Otherwise, well, the play is a dog. There’s just no getting around it. Who cares about Norman? (Stephen Mangan, nothing personal, mate, you did your best.) He’s not an interesting character and it’s impossible to believe anyone would want to sleep with him. Yeah, he does do some fairly comic lying and BSing, but he doesn’t seem to have any motivations behind his words or even behind his existence and didn’t seem the least bit believable. In fact, he was every bit as much of a dullard, a fizzless soda, a non-crispy chip, as he was in the horrid video.

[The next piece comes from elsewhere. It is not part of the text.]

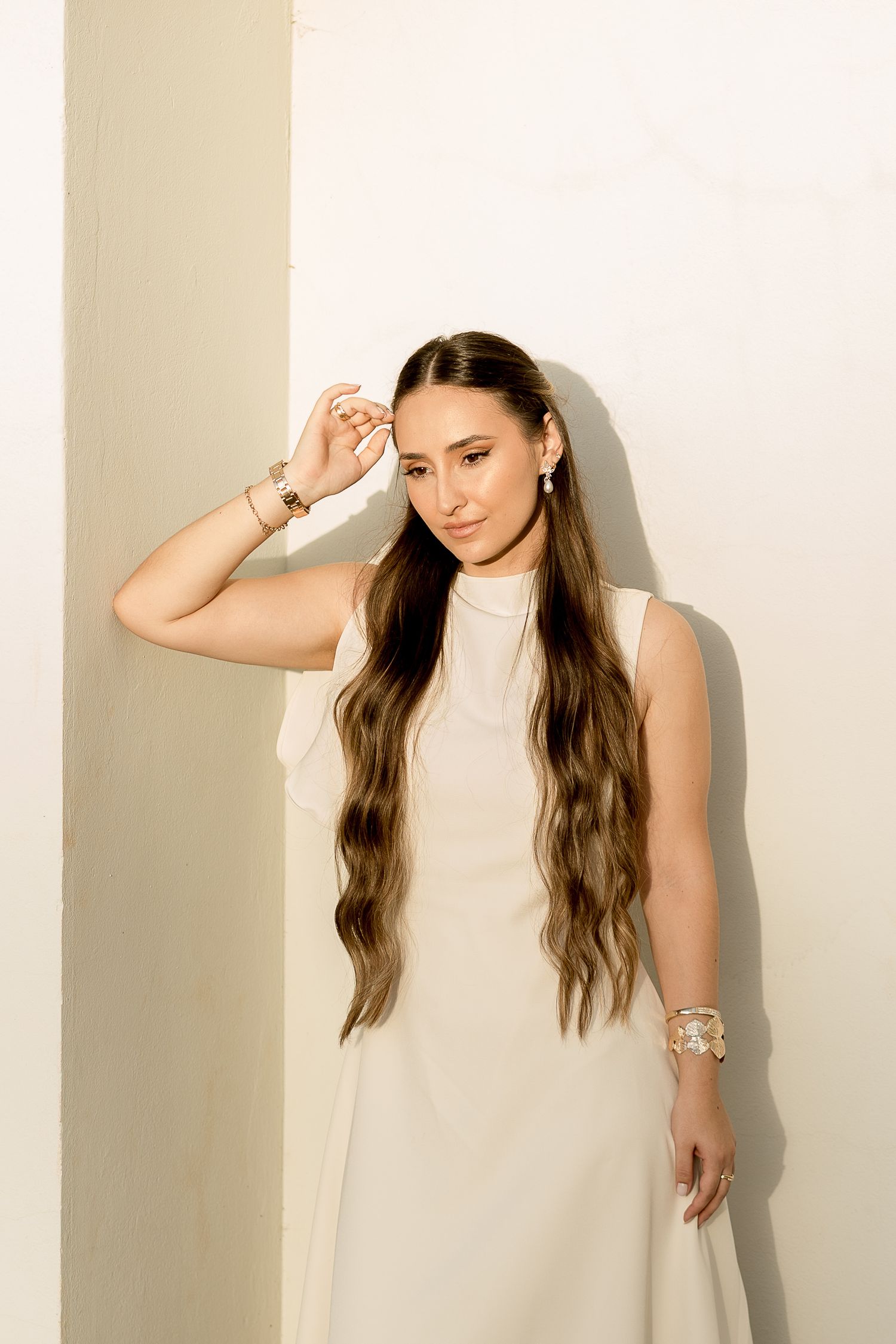 Woman in white sleeveless dress with long wavy hair poses gracefully against a cream wall wearing gold bracelets.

If only he’d killed himself like he’d been threatening to in the first act the whole thing would have been so much better!

Sadly, many of the doubtlessly undertheatered audience were laughing at the thin humor in this show. Now I’ll admit, the cast was good. In fact, I loved Amanda Root as Sarah, the uptight wife of Reg (Paul Ritter). She was completely inhabiting her anally retentive character, and when she finally flipped out at Annie (Jessica Hynes), I was lapping it up. But what was the point of this show? I was far more interested in the home made games that Reg was describing than anything else going on stage, though I got a little giggle when it became clear that Norman had (insert spoiler here). That said … what is the logic of the mountaineering game? It has sherpas, but what else does it have? Does everyone climb the mountain at the same time? Are there funny costumes to wear like for the cops and robbers games Reg had everyone playing during the first act? How do you win?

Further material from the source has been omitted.